El nacimiento de la Cumbre de las Américas, por allá en 1994, expresa las coordenadas políticas precisas de este evento afiliado a la red de instituciones panamericanas, impulsadas por Estados Unidos en la región a partir de su nave insignia, la Organización de Estados Americanos (OEA).
Aquella primera cumbre realizada en Miami, con Bill Clinton como presidente, buscaba ser la primera instancia de consenso regional para la concreción del Área de Libre Comercio de las Américas (ALCA), una vez triunfante la unipolaridad con la caída de la Unión Soviética a principios de la década de los 90. Más de 20 años después, la VIII Cumbre de las Américas de Lima, Perú, se ubica en un contexto totalmente diferente de la política exterior de Estados Unidos en América Latina.
En 2005, el ALCA fue enterrado en la Cumbre de las Américas de Mar del Plata, Argentina, y con el pasar de los años la influencia se ha deteriorado a tal punto que a inicios de esta década los organismos panamericanos perdieron gran parte de su poder como expresiones institucionales del poder de Washington en América Latina. Tanto así que su estrategia comercial debió ser reelaborada para reimpulsar el ALCA a partir de la Alianza del Pacífico, plataforma de libre mercado impulsada por Colombia, México, Panamá y Chile.
Dentro de esta nueva realidad, la VIII Cumbre de las Américas expresa la intención de Estados Unidos de rearmar una nueva estructura de control en América Latina: dada su necesidad de consolidar la expulsión de los gobiernos progresistas de países del tamaño de Brasil y Argentina, y de proteger sus intereses económicos del ascenso de China y Rusia como un nuevo binomio con influencia a partir de inversiones e intercambios comerciales, que en el caso del gigante asiático alcanzan la promesa de ingreso de 750 mil millones de dólares, según el propio Comando Sur.

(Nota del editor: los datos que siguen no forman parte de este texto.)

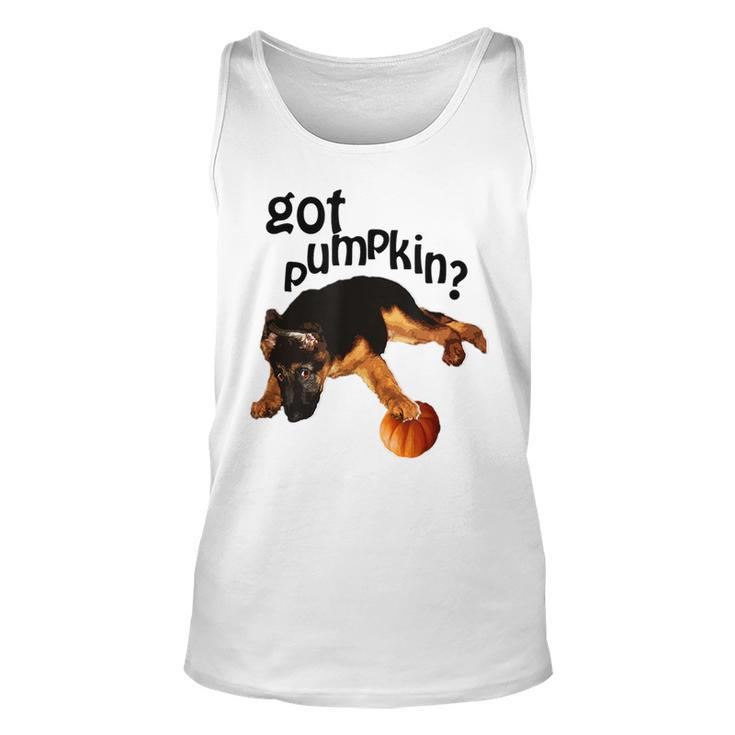 I Love Gsd Dogs 2-Sided ThanksgivingHalloween  Unisex Tank Top
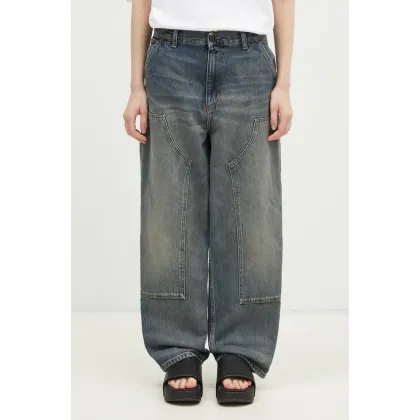 Zdjęcie Carhartt WIP jeansy Brandon Double Knee Pant damskie medium waist I034635.014Q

América Latina atestigua una competencia feroz entre potencias que en otras regiones toman rumbos dramáticos e impredecibles, como hoy sucede en Siria con la amenaza de bombardeos anunciada por el presidente estadounidense Donald Trump. Paradójicamente, su ausencia en la Cumbre de las Américas se explica por la necesidad de quedarse en la Casa Blanca a monitorear esta nueva serie de eventos militares, que mantienen en vilo a todo aquel que tenga consciencia del peligroso momento en el que se encuentran los poderes mundiales a la hora de medir sus fuerzas en la arena internacional.
En este contexto, la VIII Cumbre de las Américas tiene como tema principal «La gobernabilidad democrática frente a la corrupción», que coincide con la política que la Administración Trump despliega en la región. Manufacturada como una de las problemáticas más importantes, este tópico ya forma parte, junto al narcotráfico y el terrorismo, de las amenazas narrativas que Estados Unidos utiliza para intervenir en América Latina con el objetivo de tutelar de manera más efectiva el poder político-institucional de Latinoamérica.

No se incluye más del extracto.